Pada saat iterasi ketiga di Durban pada tahun 2011, Wiesel, yang saat itu berusia di atas 80 tahun, bisa dengan mudah memilih jalan yang lebih nyaman daripada harus bahu-membahu dengan pihak luar. Sebaliknya, dengan penuh martabat, dan dengan kesadaran yang jelas akan keterbatasan manusia, namun tanpa putus asa, ia mengatakan kepada mereka yang berkumpul di luar tembok PBB:
“Anti-Semitisme masih menjadi subjek yang harus kita tangani. Bagi saya ini adalah sumber keheranan. Dari sudut pandang logika, jika Auschwitz tidak menyembuhkan dunia antisemitisme, apa yang bisa dan apa yang bisa dilakukan? … Namun antisemitisme tidak pernah benar-benar hilang.
“Anti-Semit menuduh kami terlalu kaya atau terlalu miskin, terlalu universalis atau terlalu nasionalis, terlalu cerdas atau terlalu bodoh, terlalu terpelajar atau terlalu bodoh. Apa pun diri kami, kami tetaplah diri kami yang berlebihan.
“Antisemit mengutuk rasa superioritas kita. Namun kemudian saya belajar untuk tidak membiarkan musuh mendefinisikan ke-Yahudi-an saya. Saya tidak akan membiarkan mereka menyentuh inti identitas saya, yaitu bahwa saya adalah putra orang Yahudi.
“Lalu kenapa musuh kita terus berlanjut? Karena mereka yakin bahwa jika mereka terus melakukannya, hal itu tidak hanya akan mengubah dunia, tapi juga akan mengubah pandangan kita sendiri.”

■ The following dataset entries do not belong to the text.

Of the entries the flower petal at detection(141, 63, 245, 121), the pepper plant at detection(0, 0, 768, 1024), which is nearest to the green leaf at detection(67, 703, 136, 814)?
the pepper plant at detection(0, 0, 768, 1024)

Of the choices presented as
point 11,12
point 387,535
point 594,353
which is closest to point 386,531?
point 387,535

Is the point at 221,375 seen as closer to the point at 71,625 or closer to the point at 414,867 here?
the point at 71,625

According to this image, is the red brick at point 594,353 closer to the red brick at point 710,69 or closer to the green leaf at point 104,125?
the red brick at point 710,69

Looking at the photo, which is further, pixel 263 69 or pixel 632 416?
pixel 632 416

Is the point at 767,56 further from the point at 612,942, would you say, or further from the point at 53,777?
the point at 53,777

Jadi tanggapan Wiesel adalah untuk mengingatkan kita pada kisah orang bijak pemberani yang berkomitmen untuk menyamakan martabat manusia yang berteriak di jalanan “ingat, ingat siapa kita, ingat bahaya yang kita hadapi, dan ingat tugas kita” – bukan karena kita akan mengubah orang lain. , tapi agar orang lain tidak bisa mengubah kita.
Inilah definisi Wiesel tentang Yahudi dan jawabannya terhadap antisemitisme. Bagaimanapun, ini juga merupakan pelajaran bagi umat manusia.
September 2016 adalah peringatan 15 tahun Durban. PBB telah mengumumkan bahwa hal ini patut dirayakan.
Teriakan Elie Wiesel pasti sangat dirindukan. Namun, suaranya terus bergema, menggugah kami semua dari keheningan.